Build a Custom Skill¶
This guide creates a skill that generates a weekly summary of git activity across a repository. After completing it, any agent will be able to invoke the skill by name.
1. Create the skill directory¶
User-defined skills live in ~/.yapflows/skills/{name}/. Create a directory for your skill:
~/.yapflows/skills/git-summary/
The directory name is the skill identifier — it appears in the Skills tab and in the system prompt the agent receives.
2. Write the skill instructions (skill.md)¶
skill.md is the only required file. It is the interface between your skill and the agent — the agent reads it to understand what the skill does and how to invoke it.
Write it as clear prose aimed at an AI reader. Include:
- What the skill does (one paragraph)
- How to invoke it: which script to call, what arguments it accepts
- What output to expect
- Any prerequisites or limitations
Be explicit. The agent uses this file verbatim to decide how to call the skill.
3. Write the script¶
Create a scripts/ directory inside your skill directory and put your executable there.
The script can be written in any language available on your system — shell, Python, Ruby, anything.

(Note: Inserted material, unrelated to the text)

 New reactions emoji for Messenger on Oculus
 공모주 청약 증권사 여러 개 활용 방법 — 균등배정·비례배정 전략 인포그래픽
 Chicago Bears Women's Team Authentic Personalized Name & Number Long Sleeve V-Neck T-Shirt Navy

It receives arguments from the agent and writes output to stdout, which the agent reads back.
Design the script's interface around what an agent needs:
- Accept arguments as positional parameters or flags
- Output plain text or markdown that the agent can include in its response
- Exit with a non-zero code and a clear error message if something goes wrong
4. Test the script manually¶
Before involving the agent, run the script from the terminal to verify it works correctly. Fix any issues in the script directly. Once the script behaves as expected, the agent invocation will work.

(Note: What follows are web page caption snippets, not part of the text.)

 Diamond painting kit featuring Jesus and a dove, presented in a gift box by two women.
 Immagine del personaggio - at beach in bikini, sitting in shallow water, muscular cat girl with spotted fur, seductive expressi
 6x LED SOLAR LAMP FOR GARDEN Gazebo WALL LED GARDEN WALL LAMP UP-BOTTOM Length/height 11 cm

5. Verify the skill appears in the UI¶
Open the Skills tab in Yapflows and click [↺] to refresh. Your new skill should appear in the list with its name and the first paragraph of skill.md as the description.
Select it to see the full skill.md content and the list of files in the directory.
6. Use the skill in a chat¶
Start a new chat with any agent. The system prompt now includes a reference to your skill and its path. Ask the agent to use the skill in natural language — for example:
Summarise the git activity in my main project from the past week using the git-summary skill.
The agent will read skill.md, construct the bash command, and run it. The output comes back as part of the response.
Tips for good skills¶
Keep the script output agent-friendly. Markdown works well. Avoid binary output, ANSI escape codes, or heavily structured data unless the skill.md tells the agent exactly how to parse it.
Make skill.md the authoritative reference. If the script changes, update skill.md too. The agent has no other way to know the interface changed.
Fail loudly. If the script encounters an error, print a clear error message to stdout and exit non-zero. The agent will relay the error message in its response, making debugging straightforward.
Use assets for supporting files. Templates, configuration files, and reference data belong in the assets/ subdirectory. Reference them using the script's own directory as the base path.
Skill structure reference¶
~/.yapflows/skills/{name}/
├── skill.md Description and usage instructions (required)
├── scripts/ Executables the agent calls via bash
│ └── run.sh
└── assets/ Supporting files: templates, data, configs
The only file Yapflows reads directly is skill.md. Everything else is up to you.